For compatibility, the functions iteritems etc. are also available in future.utils. These are equivalent to the functions of the same names in six, which is equivalent to calling the iteritems etc. methods on Python 2, or to calling items etc. on Python 3.

int

Python 3’s int type is very similar to Python 2’s long, except for the representation (which omits the L suffix in Python 2). Python 2’s usual (short) integers have been removed from Python 3, as has the long builtin name.

Python 3:

>>> 2**64
18446744073709551616

Python 2:

>>> 2**64
18446744073709551616L

future includes a backport of Python 3’s int that is a subclass of Python 2’s long with the same representation behaviour as Python 3’s int. To ensure an integer is long compatibly with both Py3 and Py2, cast it like this:

>>> from builtins import int
>>> must_be_a_long_integer = int(1234)

The backported int object helps with writing doctests and simplifies code that deals with long and int as special cases on Py2. An example is the following code from xlwt-future (called by the xlwt.antlr.BitSet class) for writing out Excel .xls spreadsheets. With future, the code is:

from builtins import int

def longify(data):
    """
    Turns data (an int or long, or a list of ints or longs) into a
    list of longs.
    """
    if not data:
        return [int(0)]
    if not isinstance(data, list):
        return [int(data)]
    return list(map(int, data))

Without future (or with future < 0.7), this might be:

def longify(data):
    """
    Turns data (an int or long, or a list of ints or longs) into a
    list of longs.
    """
    if not data:
        if PY3:
            return [0]
        else:
            return [long(0)]
    if not isinstance(data,list):
        if PY3:
            return [int(data)]
        else:
            return [long(data)]
    if PY3:
        return list(map(int, data))   # same as returning data, but with up-front typechecking
    else:
        return list(map(long, data))

isinstance

The following tests all pass on Python 3:

>>> assert isinstance(2**62, int)
>>> assert isinstance(2**63, int)
>>> assert isinstance(b'my byte-string', bytes)
>>> assert isinstance(u'unicode string 1', str)
>>> assert isinstance('unicode string 2', str)
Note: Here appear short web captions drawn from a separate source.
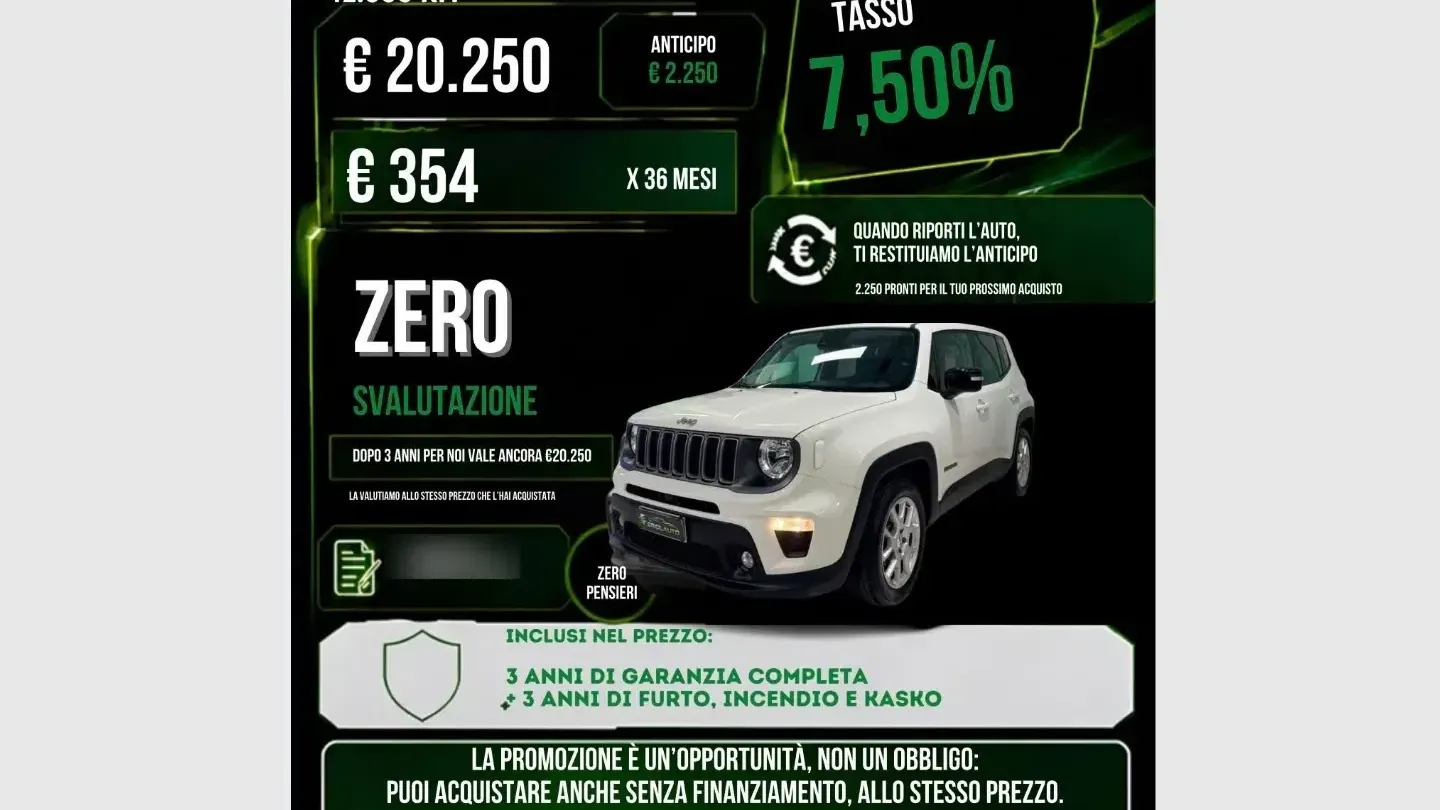 Jeep Renegade 1.6 Mjt 130CV Limited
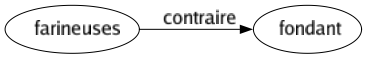 Contraire de Farineuses : Fondant 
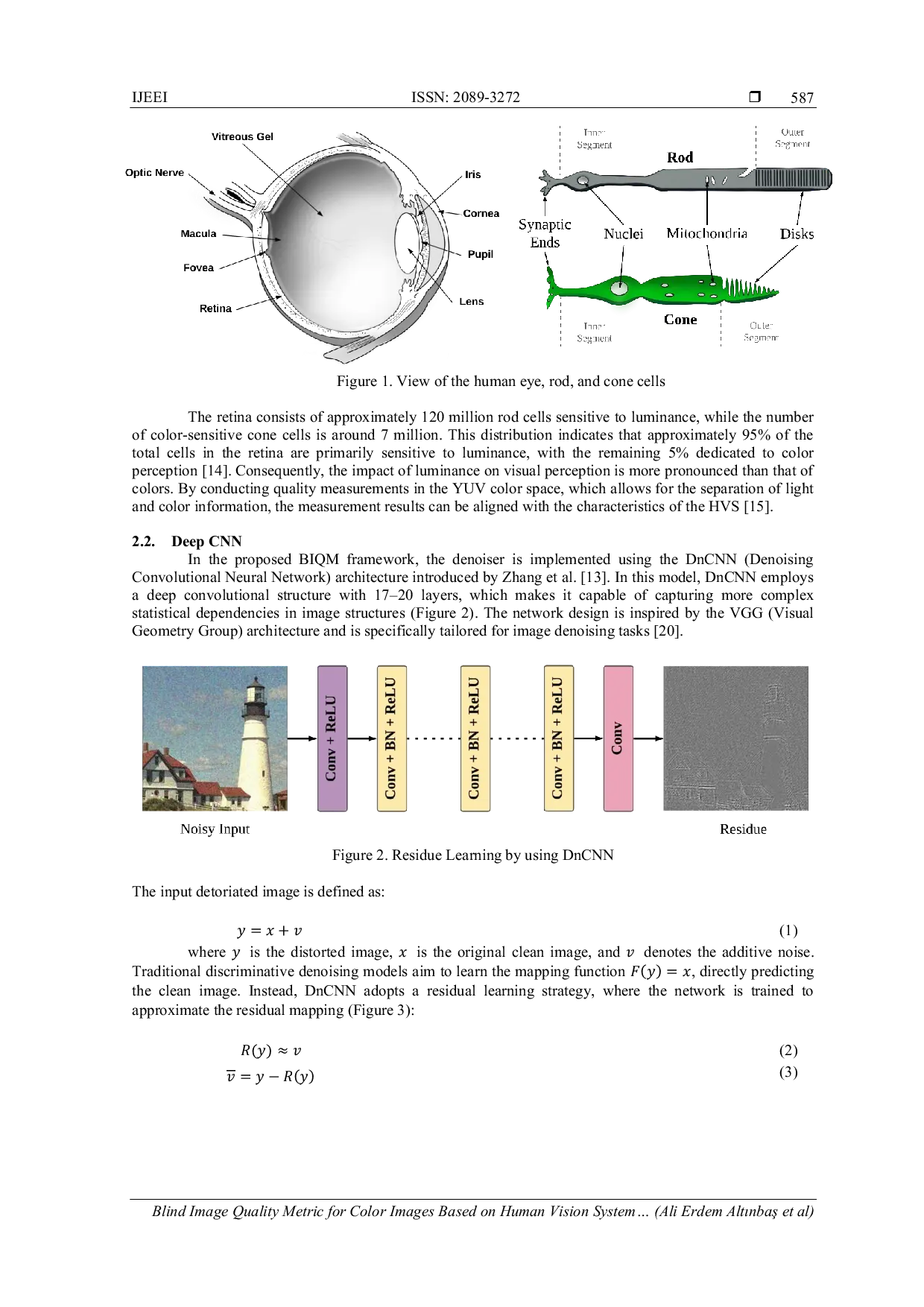 JURIS Blind Image Quality Metric for Color Images Based on Human Vision System and Deep CNN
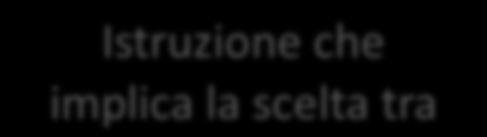 Il termine algoritmo viene spesso associato al mondo dell informatica, ma anche semplici ricette di cucina o le istruzioni di montaggio di un mobile rappresentano degli algoritmi.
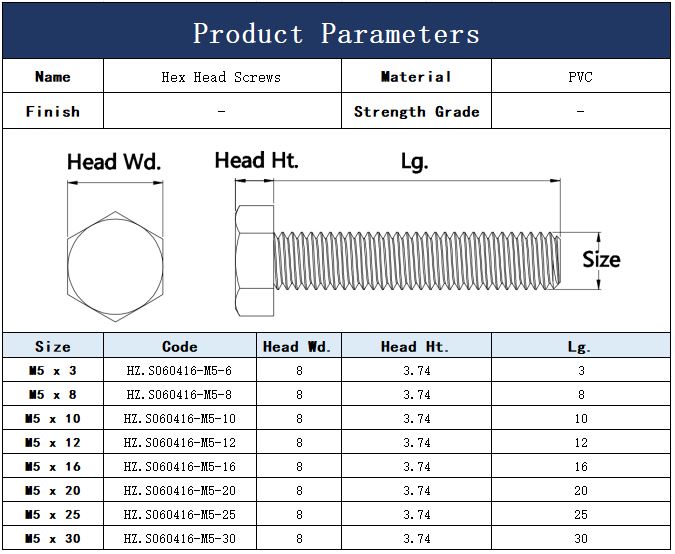 DIN933 M5 PVC Hex Head Bolts Fastener Manufacturer Supplier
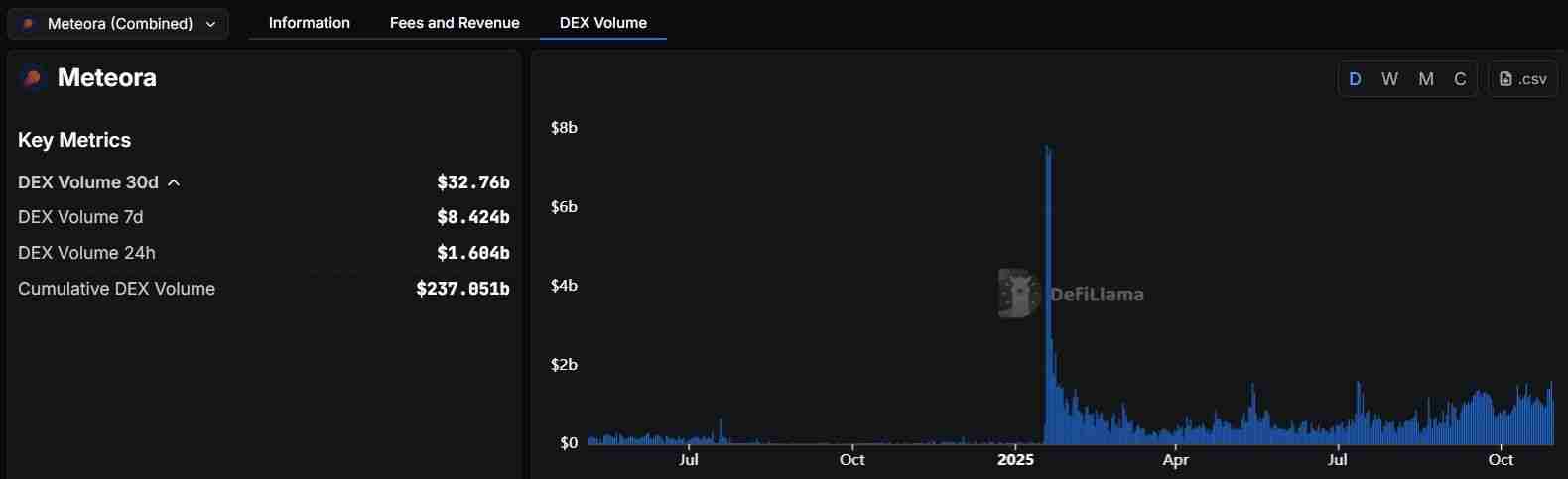 Meteora 是什么?如何提供流动性?空投、DEX 与收益聚合生态全攻略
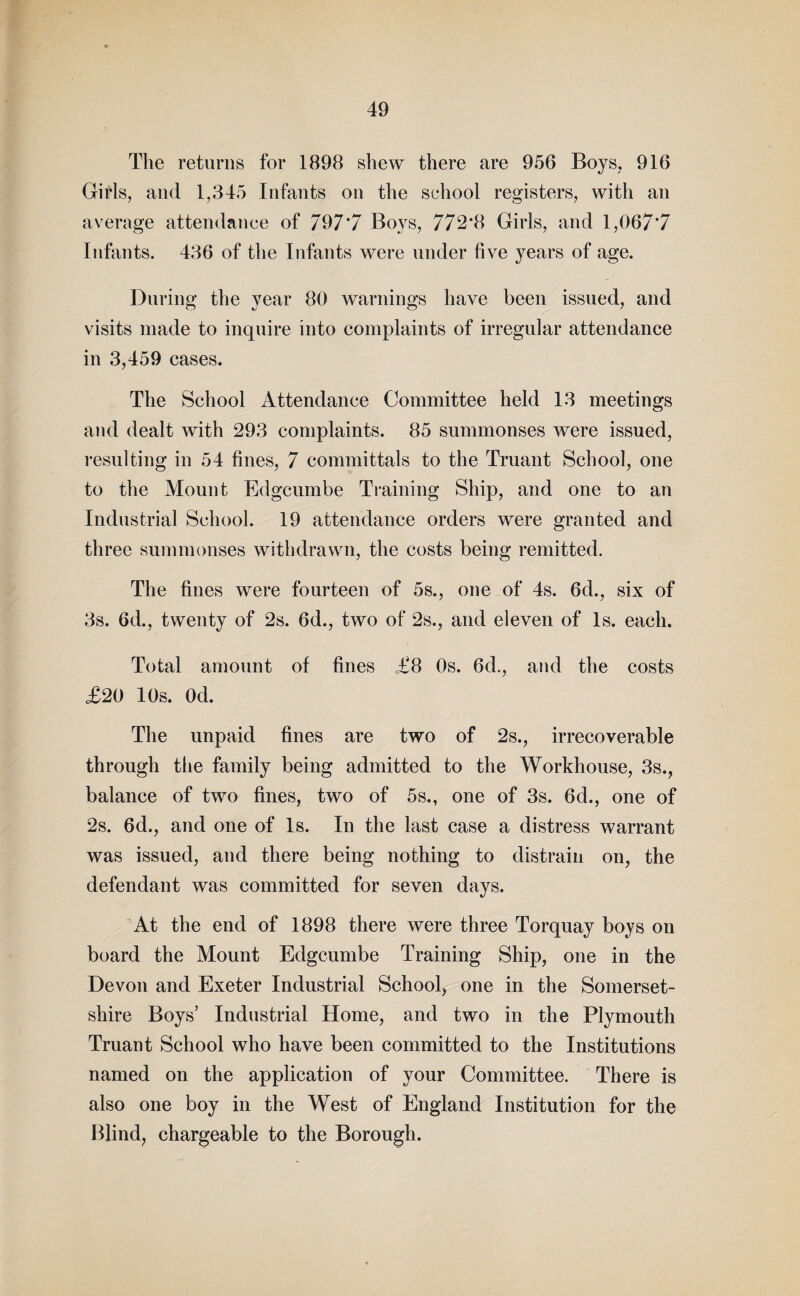 The returns for 1898 shew there are 956 Boys, 916 Girls, and 1,345 Infants on the school registers, with an average attendance of 797*7 Boys, 772*8 Girls, and 1,067*7 Infants. 436 of the Infants were under five years of age. During the year 80 warnings have been issued, and visits made to inquire into complaints of irregular attendance in 3,459 cases. The School Attendance Committee held 13 meetings and dealt with 293 complaints. 85 summonses were issued, resulting in 54 fines, 7 committals to the Truant School, one to the Mount Edgcumbe Training Ship, and one to an Industrial School. 19 attendance orders were granted and three summonses withdrawn, the costs being remitted. The fines were fourteen of 5s., one of 4s. 6d., six of 3s. 6d., twenty of 2s. 6d., two of 2s., and eleven of Is. each. Total amount of fines £8 Os. 6d., and the costs £20 10s. Od. The unpaid fines are two of 2s., irrecoverable through the family being admitted to the Workhouse, 3s., balance of two fines, two of 5s., one of 3s. 6d., one of 2s. 6d., and one of Is. In the last case a distress warrant was issued, and there being nothing to distrain on, the defendant was committed for seven days. At the end of 1898 there were three Torquay boys on board the Mount Edgcumbe Training Ship, one in the Devon and Exeter Industrial School, one in the Somerset¬ shire Boys’ Industrial Home, and two in the Plymouth Truant School who have been committed to the Institutions named on the application of your Committee. There is also one boy in the West of England Institution for the Blind, chargeable to the Borough.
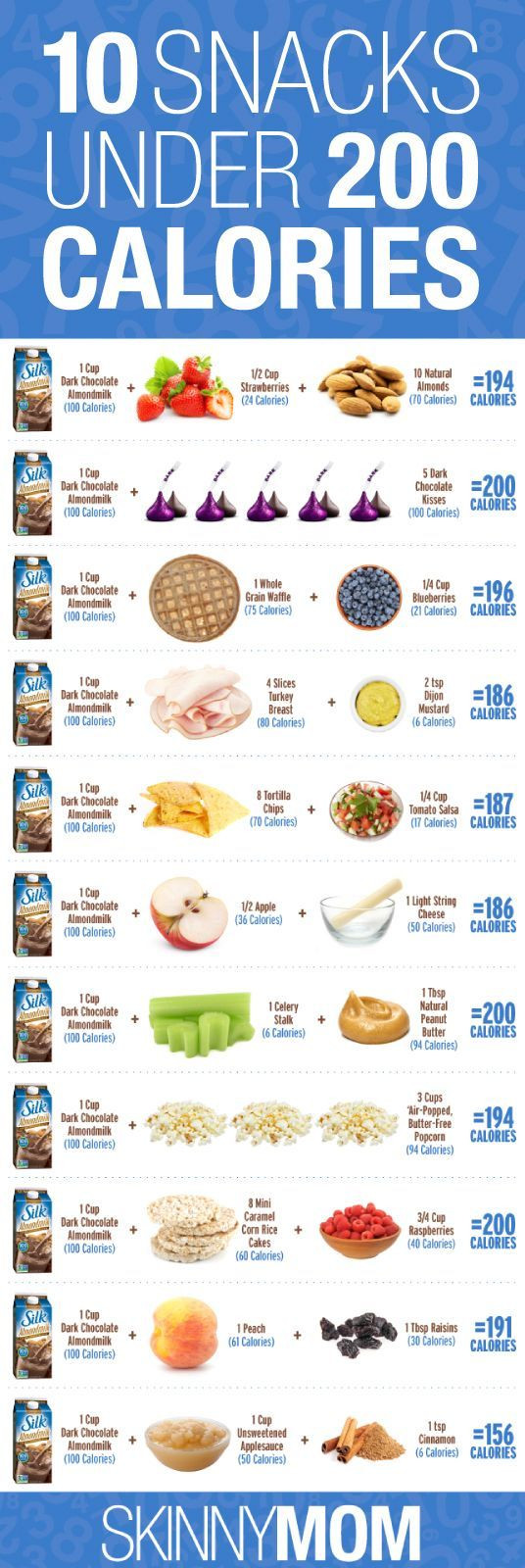 Healthy Snacks Under 200 Calories
 10 Snacks Under 200 Calories s and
However, two of these normally fail on Python 2:

>>> assert isinstance(2**63, int)
Traceback (most recent call last):
  File "<stdin>", line 1, in <module>
AssertionError

>>> assert isinstance(u'my unicode string', str)
Traceback (most recent call last):
  File "<stdin>", line 1, in <module>
AssertionError

And if this import is in effect on Python 2:

>>> from __future__ import unicode_literals

then the fifth test fails too:

>>> assert isinstance('unicode string 2', str)
Traceback (most recent call last):
  File "<stdin>", line 1, in <module>
AssertionError

After importing the builtins from future, all these tests pass on Python 2 as on Python 3:

>>> from builtins import bytes, int, str

>>> assert isinstance(10, int)
>>> assert isinstance(10**100, int)
>>> assert isinstance(b'my byte-string', bytes)
>>> assert isinstance(u'unicode string 1', str)

However, note that the last test requires that unicode_literals be imported to succeed.:

>>> from __future__ import unicode_literals
>>> assert isinstance('unicode string 2', str)

This works because the backported types int, bytes and str (and others) have metaclasses that override __instancecheck__. See PEP 3119 for details.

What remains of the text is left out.